= Cadbury Snowflake =

Brand of chocolate bar

Cadbury Snowflake was a chocolate bar manufactured by Cadbury.

Launched in August 2000, it was a crumbly rolled white chocolate inside covered in smooth milk chocolate, a white chocolate-centred version of the Twirl. Weighing approximately 32 g, producing a small bite size bars, it was produced and sold in the United Kingdom and Ireland. In 2003 the chocolate was renamed Flake Snow and was discontinued in 2008. It was subsequently launched for the first time in Australia in 2015.

==Turner Bovey wedding==
Snowflake was promoted at the wedding of TV presenter Anthea Turner and her husband Grant Bovey. Having agreed to an exclusive £300,000 deal for photographs of the wedding reception to be published in OK! magazine, pictures showed the couple publicizing Snowflake.
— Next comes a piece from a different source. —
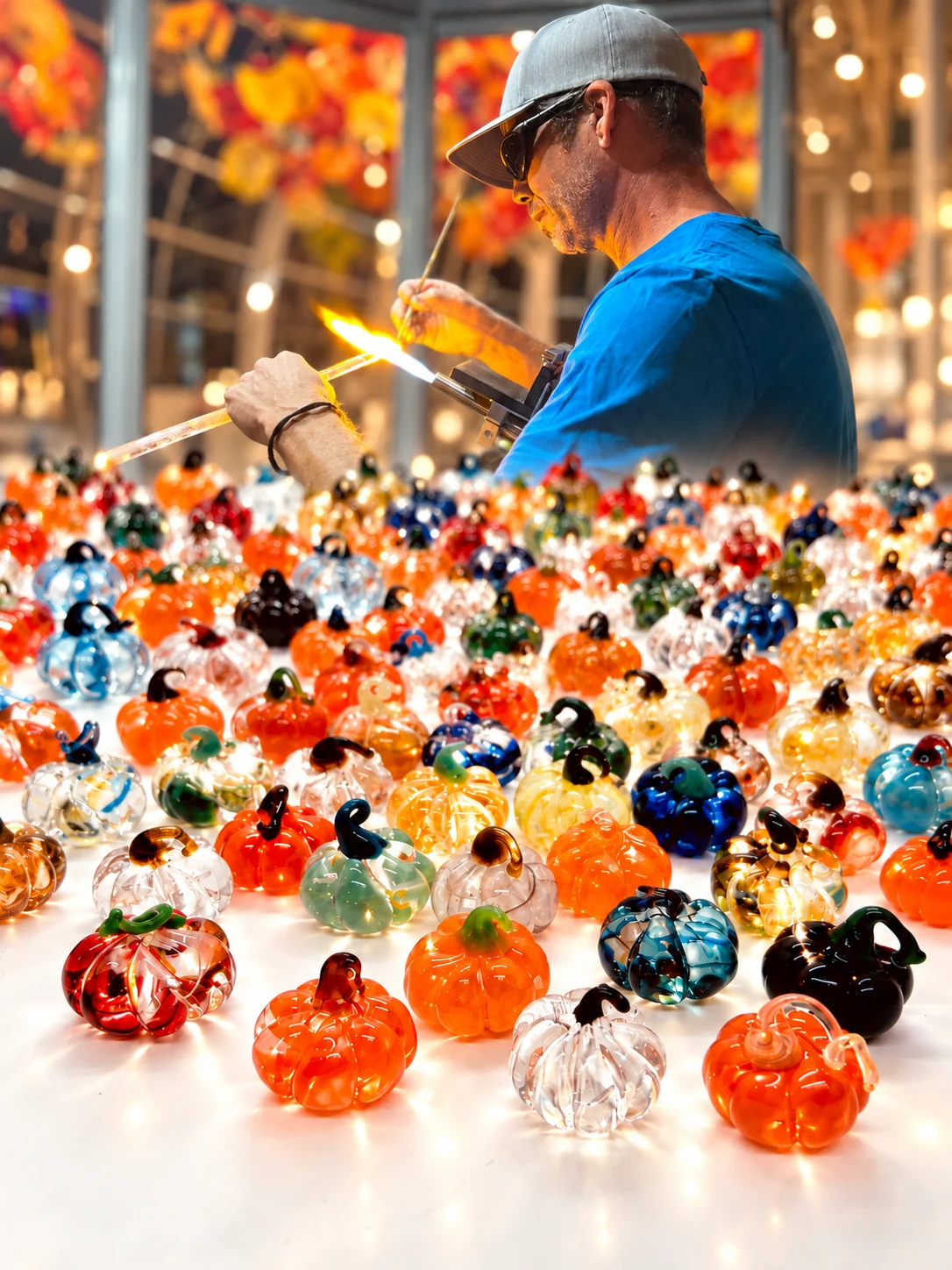 Glass artist working behind a colorful patch of handmade mini glass pumpkins at Remlinger Farms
OK! magazine issued the photo to the media with the caption, "ANTHEA TURNER AND GRANT BOVEY exclusive OK! wedding photograph, enjoying Cadbury's new Snowflake. For the complete wedding coverage and a free Cadburys Snowflake, buy OK! magazine this weekend." The Sun, was the only newspaper to use the photo despite describing it as 'the most sickening wedding photo ever'. A Guardian journalist commented the stunt "genuinely derailed [Turner's] career".